Bev, I doubt the thought ever entered their minds that someone might be upset or feel at fault because of their actions. They didn't really expect to be put through. It is such a shame that the nurse must have felt so awful about what had happened that she might have taken her life rather than live with it. So sad for her family. There are some exceptionally cruel hoaxes that have taken place over the years and I've never been a fan of them, but I don't think that the Australians could have thought that this might be a consequence. Not defending them at all, it is a tragedy


----------



## J.Y.Kelly (Dec 7, 2012)

Unfortunately, every action has an equal and opposite REaction.
Hoaxes are never funny enough to justify the anguish they bring.
Making someone, anyone, feel bad, simply to bolster their own ego, says more about the hoaxer than anything else.
These two idiots must feel very proud of themselves! (Not)
Kelly.


----------



## Pumper_Sue (Dec 7, 2012)

Local news has just said the hoaxers have been told not to go into work.

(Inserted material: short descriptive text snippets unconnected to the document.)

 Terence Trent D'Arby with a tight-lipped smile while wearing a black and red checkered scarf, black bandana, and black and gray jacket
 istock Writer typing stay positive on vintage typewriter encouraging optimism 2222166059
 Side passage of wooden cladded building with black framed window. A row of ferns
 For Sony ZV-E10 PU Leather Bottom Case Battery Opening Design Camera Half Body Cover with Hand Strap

Hope it's permanent.


----------



## am64 (Dec 7, 2012)

very sad


----------



## Donald (Dec 7, 2012)

they have been taken off air until further notice

http://www.abc.net.au/news/2012-12-08/nurse-who-took-kate-prank-call-found-dead/4416348


----------



## Ellie Jones (Dec 7, 2012)

Somebody taking their own life is very tragic indeed, and my thoughts are with her family...

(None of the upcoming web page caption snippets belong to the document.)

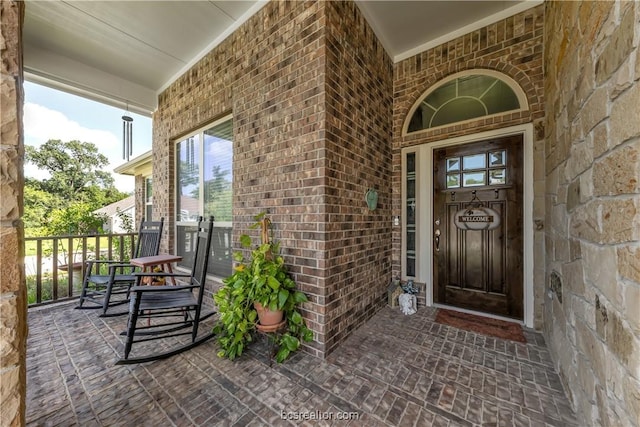 entrance to property with covered porch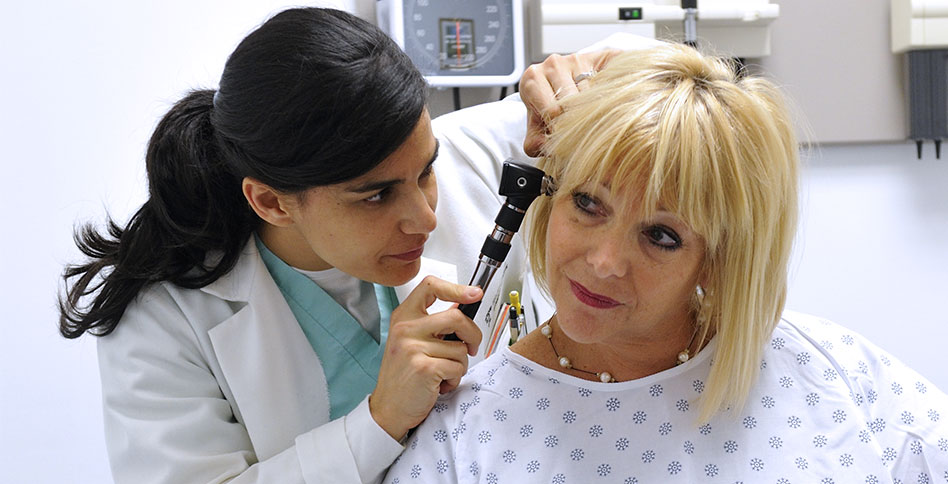 Doctor checking patient's ear with otoscope.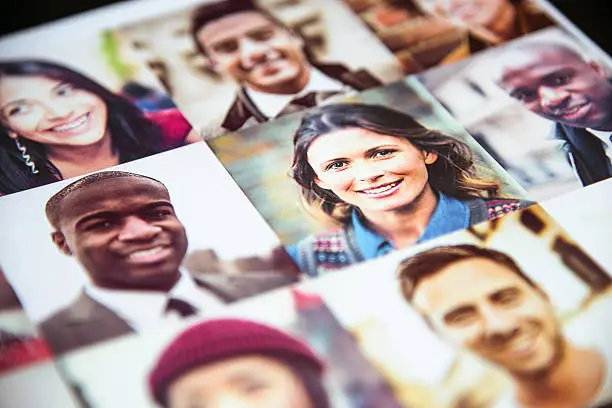 Photo of Outlay of multiracial faces printed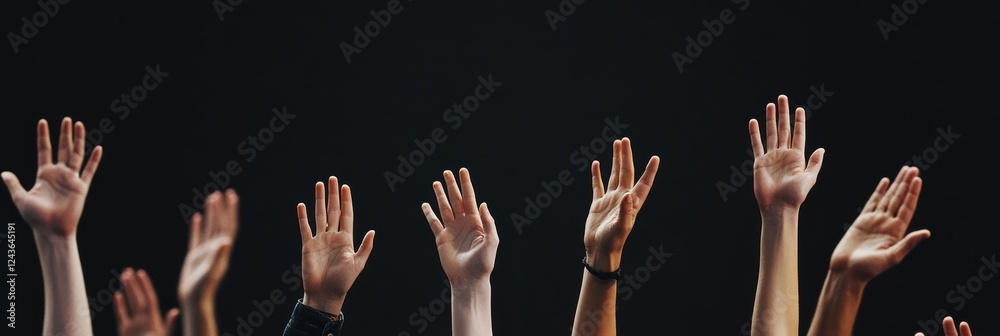 At a lively conference, participants eagerly raise their hands, showing enthusiasm to engage in discussions, set against a striking black backdrop that enhances the events atmosphere At a lively conference, participants eagerly raise their hands, showing enthusiasm to engage in discussions, set against a striking black backdrop that enhances the events atmosphere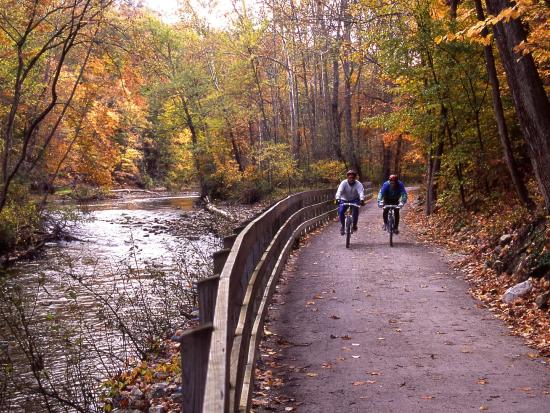 Two people on bicycles on a flat trail surrounded by fall forest colors. A wooden fence in the center divides the trail to the right and the river to the left.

Sorry but I feel those who are laying the blame without any knowledge of this lady or her life...  Are being totally out of order....

The only people who can shed light for her family is the coroner, when he/she has reviewed all evidence etc collected to see if there is a reason to why...

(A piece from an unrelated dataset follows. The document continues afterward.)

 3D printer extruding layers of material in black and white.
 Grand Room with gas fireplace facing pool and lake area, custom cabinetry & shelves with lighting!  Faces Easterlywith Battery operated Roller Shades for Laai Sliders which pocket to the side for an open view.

All this finger pointing does this finger pointing does is make it harder for her family and friends.


----------



## trophywench (Dec 7, 2012)

and, poor Kate.

How would I feel if I was her?


----------



## FM001 (Dec 8, 2012)

No one could foresee that such a tragic event would occur where someone takes their own life and leaves a young family behind, lets be honest who hasn't laughed at Beadles About or Candid Camera without giving it a second thought what the after effects may be on the individual, the two presenters will be riddled with guilt forever more - a sad sad story and my thoughts are with the bereaved family.


----------